For random variables
$X$, $Y$,
let 
$I(X, Y) \geq 0$
be a non-negative measure of probabilitstic dependence,
such that 
$I(X, Y) = 0$ 
if and only if 
$X$ and $Y$ are independent.
Moreover, 
we assume that,
given three random varibales 
$X$, $Y$, $Z$,
we can informally interpret the inequality
$I(X,Y) \leq I(X,Z)$
as stating that 
$X$ is "more dependent" on $Z$ than it is on $Y$.

Let 
$X_i$, $i=1, \dots, d$
be the $d$ features to select from, 
and let $Y$ be the target.

Given a sample size $N$,
let 
$$
x_i = \lbrace x^{n}_i: n=1, \dots, N\rbrace
$$
be samples from $X_i$,
and 
$$
y = \lbrace y^{n}: n=1, \dots, N\rbrace
$$
be samples from $Y$.

For indices $i_1, i_2, \dots, i_k$, we let 
$I(x_{i_1}, \dots, x_{i_k}, y)$
be the measure of probabilistic dependence 
between
the empirical vector 
$(x_{i_1}, \dots, x_{i_p})$
sampled from
$(X_{i_1}, \dots, X_{i_p})$
and 
the empirical target
$y$
sampled from $Y$.

We compute 
$I(x_i, y)$
for
$i = 1, \dots, d$.
We construct the vector
$$
a_1, \dots, a_d
$$
where
$$
a_i = \frac{I(x_i, y)} {\hat{I}}
$$
where
$\hat{I} = \max_{i}I(x_i, y)$.

Given a threshold of negligibility $\epsilon\geq 0$,
this procedure seleccts feature $i$ if and only if $a_i > \epsilon$.

We choose $I$ as the mutual information as implemented in
[sklearn.feature_selection.mutual_info_classif](https://scikit-learn.org/stable/modules/generated/sklearn.feature_selection.mutual_info_classif.html).

In [None]:
threhsold = .04

In [None]:
%%time
mis = mutual_info_classif(x, y, discrete_features=True)
mis /= np.amax(mis)
mi_selection, = np.where(mis> threhsold)

In [None]:
print(f'expected_features:\n{sorted(expected_features)}')
print(f'Single marginal Mi selection:\n{sorted(mi_selection)}')

In [None]:
sns.barplot(x=mi_selection, y=mis[mi_selection])

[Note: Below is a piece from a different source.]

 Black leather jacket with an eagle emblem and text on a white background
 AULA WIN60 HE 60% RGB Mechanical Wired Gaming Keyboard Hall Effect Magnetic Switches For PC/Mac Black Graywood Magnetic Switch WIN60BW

### C. Selection with Boruta

In [None]:
from arfs.feature_selection import allrelevant
from arfs.feature_selection.allrelevant import Leshy
from sklearn.ensemble import RandomForestClassifier

In [None]:
n_estimators = 'auto'
perc = 95
alpha = 0.05
importance = "shap"
two_step = True
max_iter = 100
random_state = None
verbose = 0
keep_weak = False

In [None]:
xdf = pd.DataFrame(x, columns = [f'f{i}' for i in range(d)])
yser = pd.Series(y, name='y')

In [None]:
rf = RandomForestClassifier(n_jobs=-1, max_depth=8)

In [None]:
leshy = Leshy(
    rf,
    n_estimators=n_estimators,
    perc=perc,
    alpha=alpha,
    importance=importance,
    two_step=two_step,
    max_iter=max_iter,
    random_state=random_state,
    verbose=verbose,
    keep_weak=keep_weak,
)

In [None]:
%%time
leshy.fit(xdf, yser)

In [None]:
leshy_selection = [int(col.replace('f', '')) for col in leshy.selected_features_]

In [None]:
print(f'Expected features: {sorted(expected_features)}')
print(f'Boruta selection: {sorted(leshy_selection)}')